The obvious inclusion against Affinity players. It is very powerful in the metagame, also bringing down Pods and slowing ramp. You might even want a fourth, although I am always skeptical of having a four of anything in my board. Shackles is really strong against RUG Tempo and you should not hesitate to bring Grudge in against it. No matter how well you play, a resolved Shackles can ruin your day.

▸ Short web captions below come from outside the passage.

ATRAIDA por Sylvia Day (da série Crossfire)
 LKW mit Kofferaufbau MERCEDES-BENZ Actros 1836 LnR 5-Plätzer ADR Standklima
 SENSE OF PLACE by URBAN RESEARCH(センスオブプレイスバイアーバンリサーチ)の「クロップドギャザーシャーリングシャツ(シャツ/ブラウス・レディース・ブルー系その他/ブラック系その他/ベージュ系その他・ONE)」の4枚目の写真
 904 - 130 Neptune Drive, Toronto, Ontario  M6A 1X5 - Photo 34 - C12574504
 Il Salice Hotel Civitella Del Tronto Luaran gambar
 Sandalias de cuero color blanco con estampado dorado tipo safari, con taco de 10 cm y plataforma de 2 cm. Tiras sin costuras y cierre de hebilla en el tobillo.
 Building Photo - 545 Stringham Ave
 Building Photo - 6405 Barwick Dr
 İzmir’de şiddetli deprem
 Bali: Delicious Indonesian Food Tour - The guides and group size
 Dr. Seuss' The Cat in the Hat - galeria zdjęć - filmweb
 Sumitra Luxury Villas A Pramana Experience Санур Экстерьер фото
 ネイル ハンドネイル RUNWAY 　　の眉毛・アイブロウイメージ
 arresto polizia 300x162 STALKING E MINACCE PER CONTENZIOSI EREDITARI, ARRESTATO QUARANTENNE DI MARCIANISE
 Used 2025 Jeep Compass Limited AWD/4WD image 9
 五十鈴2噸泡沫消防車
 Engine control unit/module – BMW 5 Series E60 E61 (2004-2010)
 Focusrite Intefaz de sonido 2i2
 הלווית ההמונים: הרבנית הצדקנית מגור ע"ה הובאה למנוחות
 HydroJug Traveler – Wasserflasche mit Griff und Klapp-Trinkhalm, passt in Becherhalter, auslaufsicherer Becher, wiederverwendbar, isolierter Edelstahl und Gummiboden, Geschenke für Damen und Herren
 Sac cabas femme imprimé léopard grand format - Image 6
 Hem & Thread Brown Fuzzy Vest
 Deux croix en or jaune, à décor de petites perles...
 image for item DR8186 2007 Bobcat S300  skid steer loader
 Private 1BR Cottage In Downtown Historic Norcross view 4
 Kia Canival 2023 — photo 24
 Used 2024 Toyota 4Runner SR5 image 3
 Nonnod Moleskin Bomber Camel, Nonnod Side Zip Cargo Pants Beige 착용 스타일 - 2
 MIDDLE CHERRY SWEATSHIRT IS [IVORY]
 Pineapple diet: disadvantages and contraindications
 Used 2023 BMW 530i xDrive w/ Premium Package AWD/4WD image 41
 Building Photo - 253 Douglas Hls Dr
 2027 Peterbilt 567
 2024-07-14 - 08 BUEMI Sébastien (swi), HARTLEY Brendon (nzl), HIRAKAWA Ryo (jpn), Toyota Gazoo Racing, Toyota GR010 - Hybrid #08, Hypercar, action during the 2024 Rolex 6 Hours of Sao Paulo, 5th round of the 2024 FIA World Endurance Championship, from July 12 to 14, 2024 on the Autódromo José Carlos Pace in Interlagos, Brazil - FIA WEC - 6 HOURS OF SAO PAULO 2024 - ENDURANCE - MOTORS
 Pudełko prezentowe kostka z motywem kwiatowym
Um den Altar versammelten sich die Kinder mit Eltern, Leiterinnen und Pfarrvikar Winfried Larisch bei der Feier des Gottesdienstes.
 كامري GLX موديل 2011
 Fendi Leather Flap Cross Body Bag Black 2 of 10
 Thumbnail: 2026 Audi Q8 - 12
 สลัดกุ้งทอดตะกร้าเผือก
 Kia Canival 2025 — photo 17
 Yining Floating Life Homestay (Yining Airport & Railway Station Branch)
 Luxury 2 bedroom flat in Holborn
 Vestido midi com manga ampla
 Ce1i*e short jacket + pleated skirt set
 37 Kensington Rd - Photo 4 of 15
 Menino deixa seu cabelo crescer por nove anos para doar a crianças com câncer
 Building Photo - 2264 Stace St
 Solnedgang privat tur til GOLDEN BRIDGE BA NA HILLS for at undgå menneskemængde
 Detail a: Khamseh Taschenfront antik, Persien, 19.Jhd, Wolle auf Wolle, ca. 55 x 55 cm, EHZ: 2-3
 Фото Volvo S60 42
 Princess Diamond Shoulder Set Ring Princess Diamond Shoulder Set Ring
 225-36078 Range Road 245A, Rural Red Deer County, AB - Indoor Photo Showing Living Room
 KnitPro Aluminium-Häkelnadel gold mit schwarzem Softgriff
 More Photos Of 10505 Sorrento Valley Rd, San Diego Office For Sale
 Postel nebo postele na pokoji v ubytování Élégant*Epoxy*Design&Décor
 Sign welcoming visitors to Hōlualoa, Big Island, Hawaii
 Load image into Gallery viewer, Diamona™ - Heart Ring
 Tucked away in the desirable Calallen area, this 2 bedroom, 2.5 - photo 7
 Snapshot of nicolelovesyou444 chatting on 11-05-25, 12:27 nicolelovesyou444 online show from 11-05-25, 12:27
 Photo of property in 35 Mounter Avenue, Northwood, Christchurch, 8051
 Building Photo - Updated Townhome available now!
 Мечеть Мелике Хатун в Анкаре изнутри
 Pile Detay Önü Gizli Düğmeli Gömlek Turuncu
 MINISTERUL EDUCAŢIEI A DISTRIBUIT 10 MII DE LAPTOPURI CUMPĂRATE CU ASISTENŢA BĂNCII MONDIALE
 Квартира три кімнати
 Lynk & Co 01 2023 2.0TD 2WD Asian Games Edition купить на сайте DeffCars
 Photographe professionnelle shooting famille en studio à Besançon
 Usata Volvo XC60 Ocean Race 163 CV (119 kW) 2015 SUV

This card is comes from the “fight fire with fire” school of thought. Threads can ruin even RUG’s best laid plans. If you have the chance: Counter. This. Card. What do you do when it resolves? Snag? Your outs are slim and you don’t want to be using removal on the creature they took from you. That being said, since it is the best against not just your deck but other tempo decks–USA aggro, Jund and Delver decks in general–you want three of them in your sideboard. It’s powerful, and can easily swing games. In the mirror it is perhaps one of the most important cards and worth using an extra counter spell or two to make sure it resolves. Once again, it is versatility, something this decks desperately wants.
It has split second, it has flash, it will resolve and it will be a problem for the decks it comes in against. It’s Sulfur Elemental! You want him against Martyr type decks. Yes, those decks exist and they can actually do things. Do not bring him in against white weenie archetypes, however tempting. You won’t be thrilled when facing down their three one Mirran Crusaders who only wants to wear your face home as a trophy. While only coming in for a couple of matchups, the Elemental is very, very strong.
Rounding out the seventy five is a pair of the best life gaining X/4s in the format. And I know what you’re thinking: “But it costs four…and you said… with the lands…and more for your mana.” Don’t worry, it’s okay. Sometimes you need to make an exception. Baloth is coming in against decks where discard is relevant (Jund/Loam and the like) and also can be hardcasted to gain some life (USA better have a Path in hand). It’s a solid beater, dodges burn-based removal (seriously, counter this thing when played against you), it’s amazing when free and can easily buy you the extra turn against Burn or Burn variants.
So there you have it. That’s the wrap up on RUG Tempo. This deck is insanely fun to play and I would highly recommend it if you’re planning on a trip to Columbus. I hope you enjoyed the article and you like the card choices I made. Feel free to comment on what you like and what you didn’t. Until then, have fun with Modern.